Problem to solve — From the line holding "Kézvédő kiegészítő HONDA" through the line holding "My Beauty Diary" below, write out every line exactly; include both of those lines and drop the pictures.

BEGIN Provided records

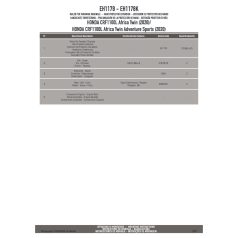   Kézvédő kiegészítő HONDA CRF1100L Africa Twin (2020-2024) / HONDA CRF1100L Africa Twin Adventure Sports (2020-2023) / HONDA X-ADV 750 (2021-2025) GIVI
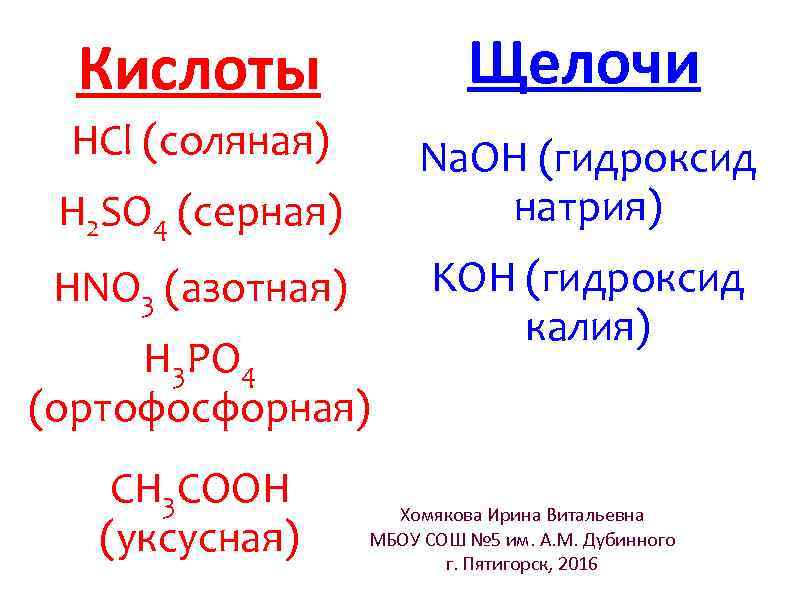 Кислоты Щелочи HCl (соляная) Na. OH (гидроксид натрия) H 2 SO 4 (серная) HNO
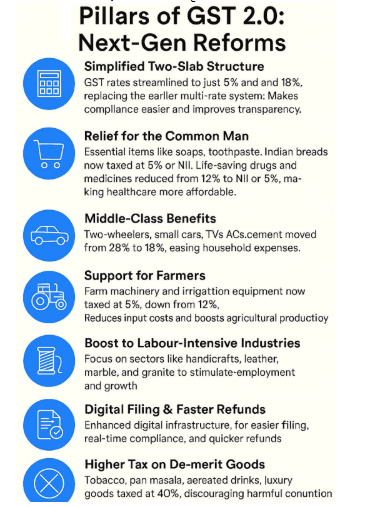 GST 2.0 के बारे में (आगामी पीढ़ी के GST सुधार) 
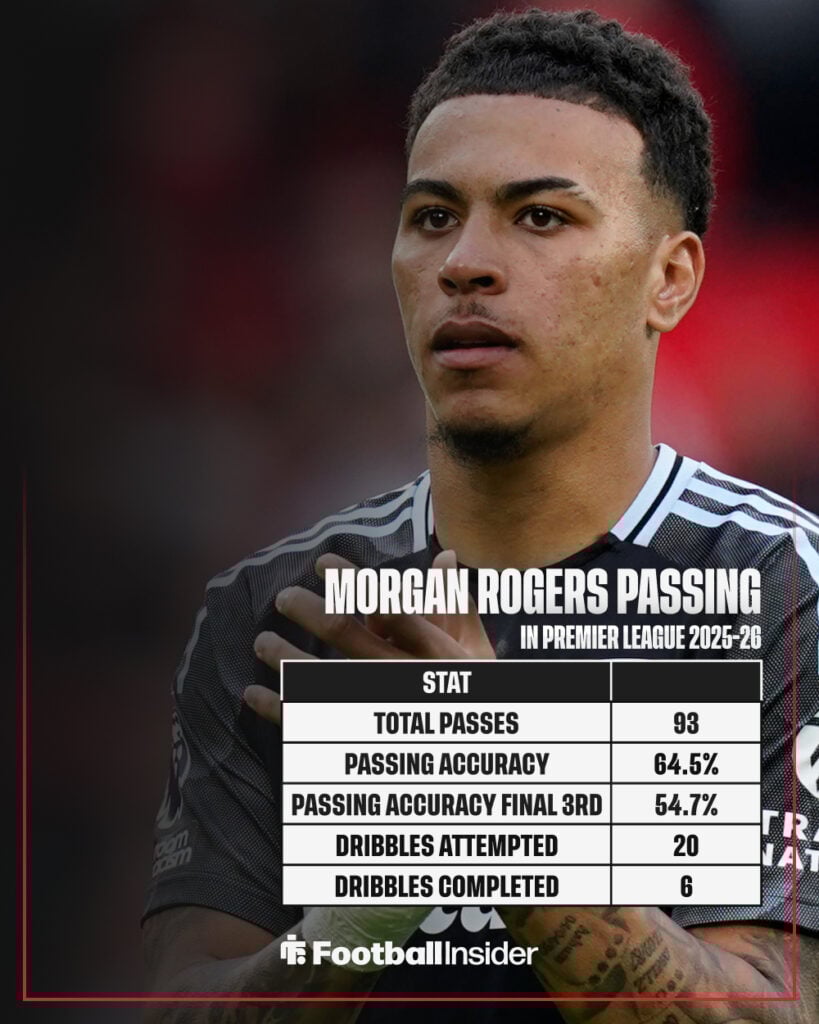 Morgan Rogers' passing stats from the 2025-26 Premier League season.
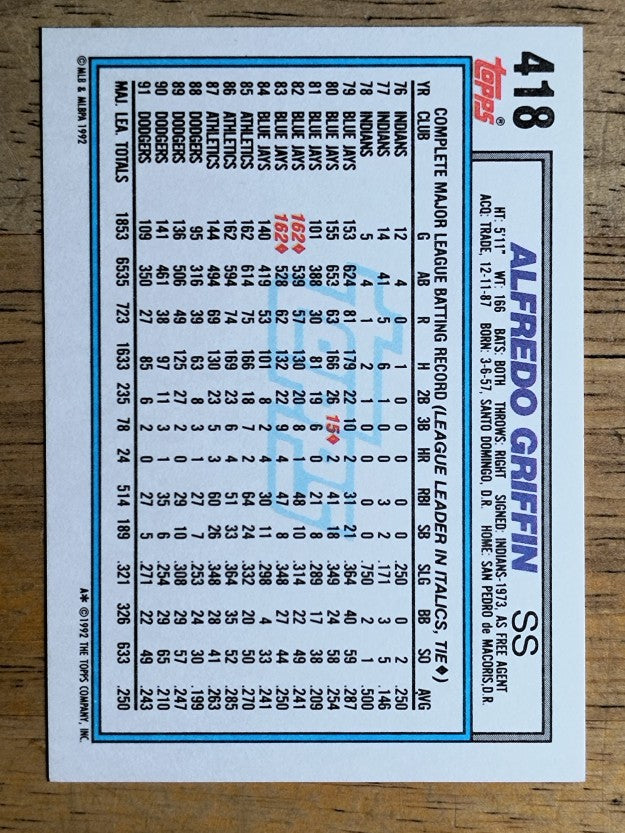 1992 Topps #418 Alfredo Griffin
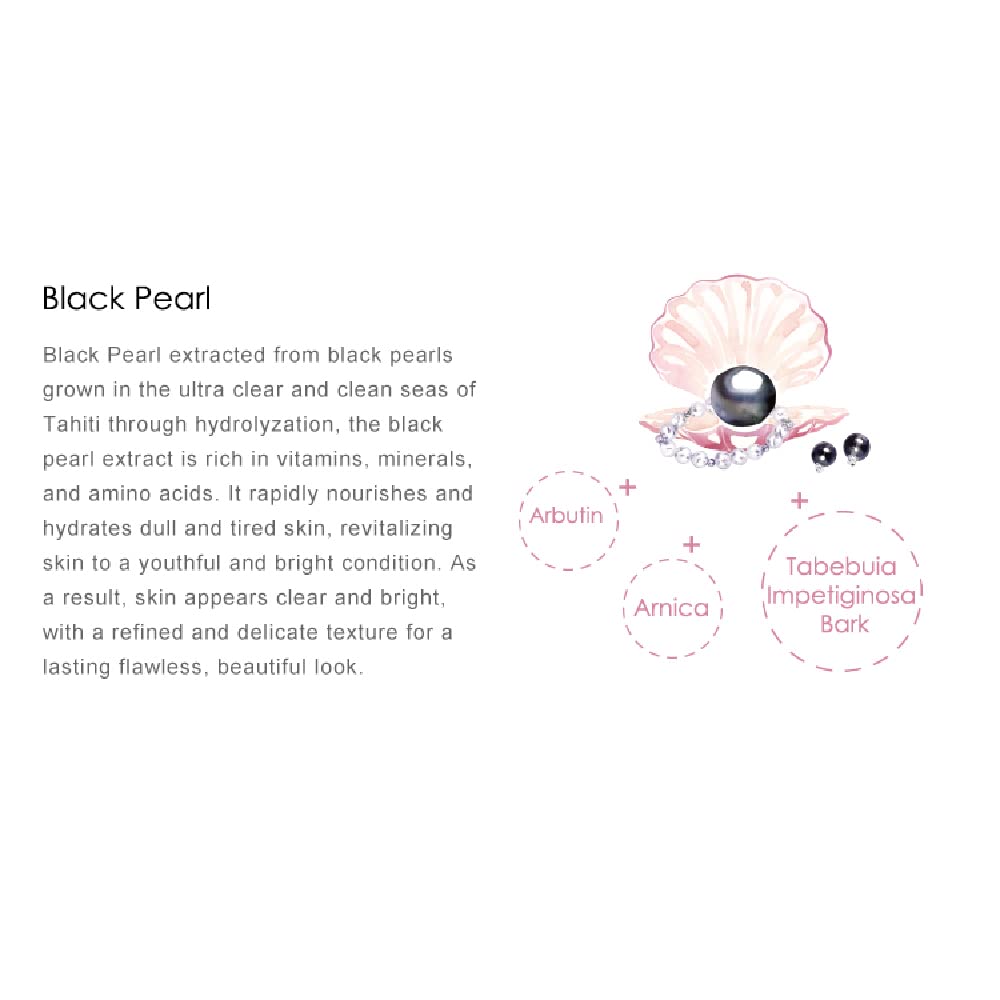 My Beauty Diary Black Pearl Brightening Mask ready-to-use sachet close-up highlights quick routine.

END Provided records
BEGIN Provided records

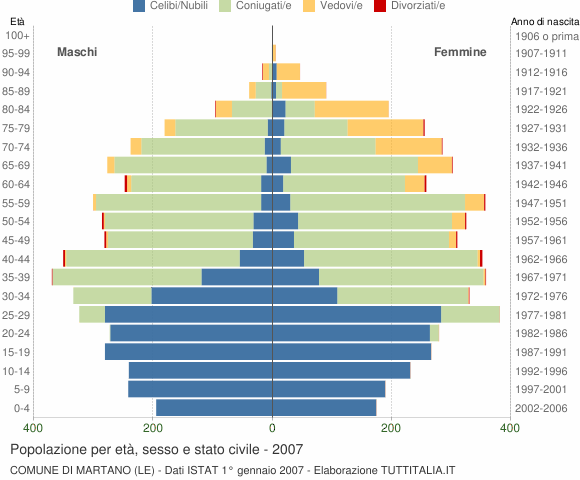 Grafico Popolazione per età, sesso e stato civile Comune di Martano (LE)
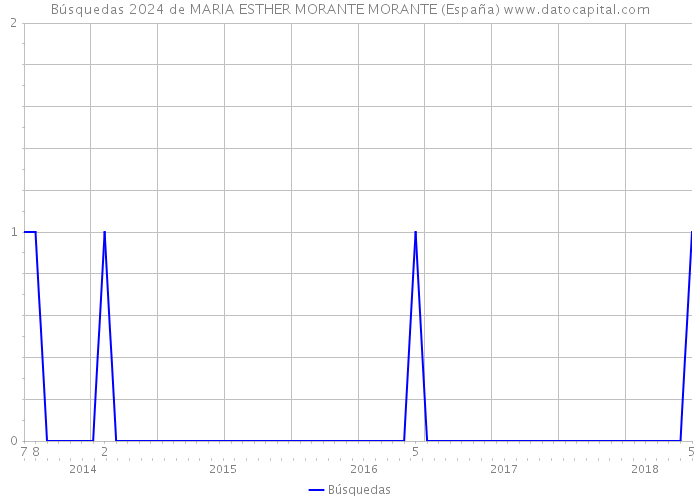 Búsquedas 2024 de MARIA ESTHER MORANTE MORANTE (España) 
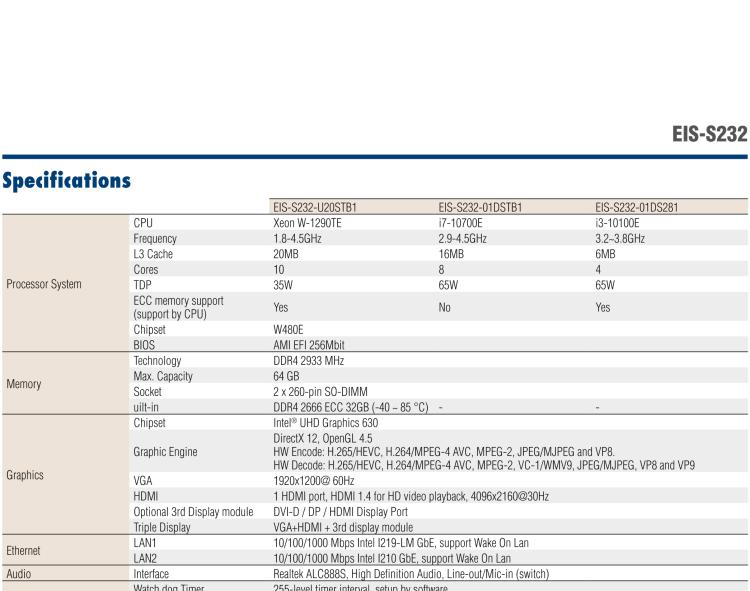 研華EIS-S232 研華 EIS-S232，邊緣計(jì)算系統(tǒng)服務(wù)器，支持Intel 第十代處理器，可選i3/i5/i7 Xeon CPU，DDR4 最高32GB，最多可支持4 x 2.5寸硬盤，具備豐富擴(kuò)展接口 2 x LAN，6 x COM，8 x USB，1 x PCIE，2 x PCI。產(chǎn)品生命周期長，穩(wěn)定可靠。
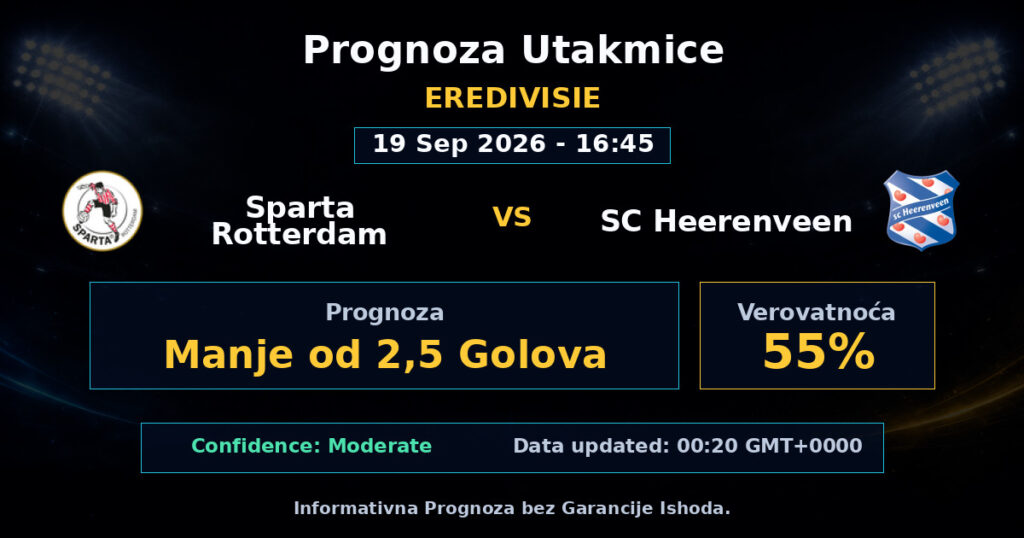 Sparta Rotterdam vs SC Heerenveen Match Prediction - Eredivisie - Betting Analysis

END Provided records

The completed task —
   Kézvédő kiegészítő HONDA CRF1100L Africa Twin (2020-2024) / HONDA CRF1100L Africa Twin Adventure Sports (2020-2023) / HONDA X-ADV 750 (2021-2025) GIVI
 Кислоты Щелочи HCl (соляная) Na. OH (гидроксид натрия) H 2 SO 4 (серная) HNO
 GST 2.0 के बारे में (आगामी पीढ़ी के GST सुधार) 
 Morgan Rogers' passing stats from the 2025-26 Premier League season.
 1992 Topps #418 Alfredo Griffin
 My Beauty Diary Black Pearl Brightening Mask ready-to-use sachet close-up highlights quick routine.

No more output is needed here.